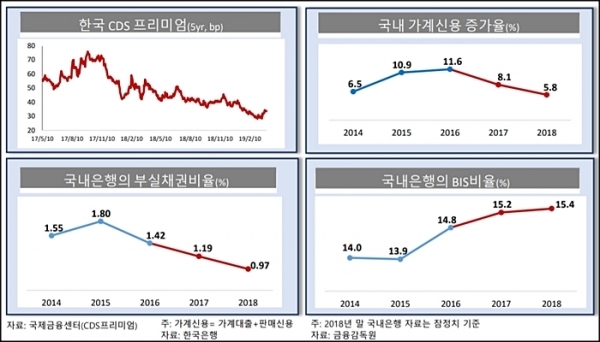 자료/한국금융연구원
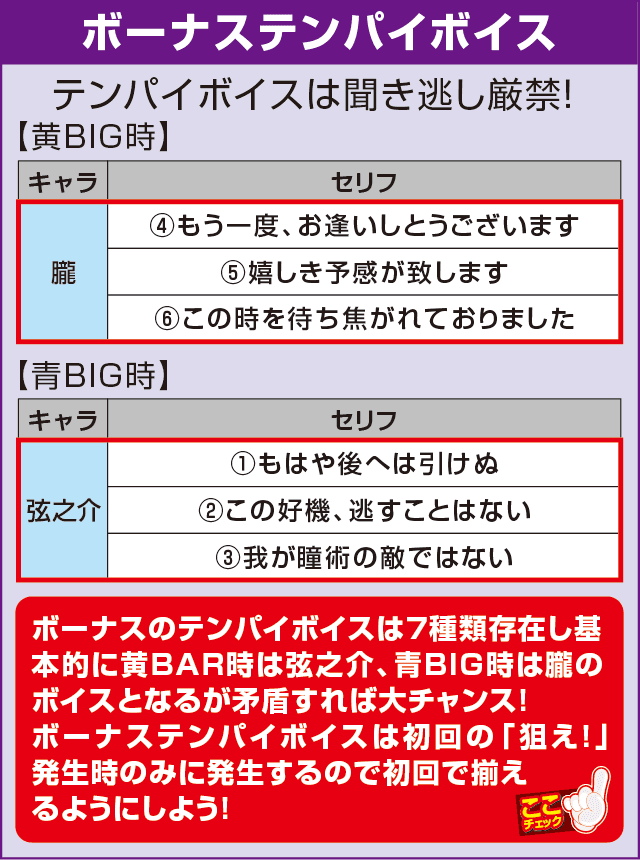 SLOTバジリスク～甲賀忍法帖～Ⅲの確定演出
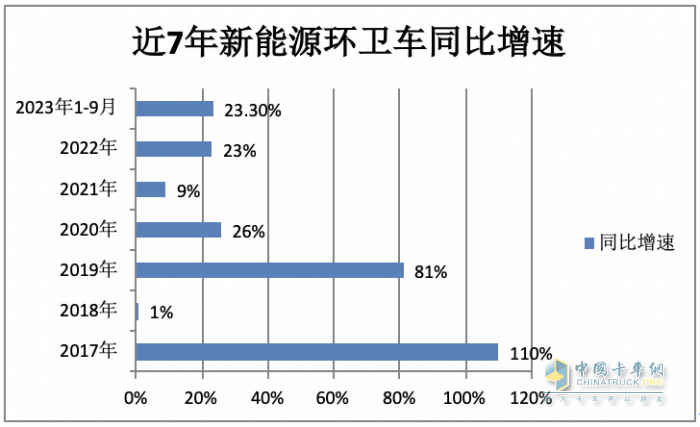 實銷4297輛增23%混動領(lǐng)漲；盈峰環(huán)境\宇通\福龍馬居前三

....

» WHAT IS EXPECTED: Print every line above exactly as given, but not the pictures.

» TASK OUTPUT:
 자료/한국금융연구원
 SLOTバジリスク～甲賀忍法帖～Ⅲの確定演出
 實銷4297輛增23%混動領(lǐng)漲；盈峰環(huán)境\宇通\福龍馬居前三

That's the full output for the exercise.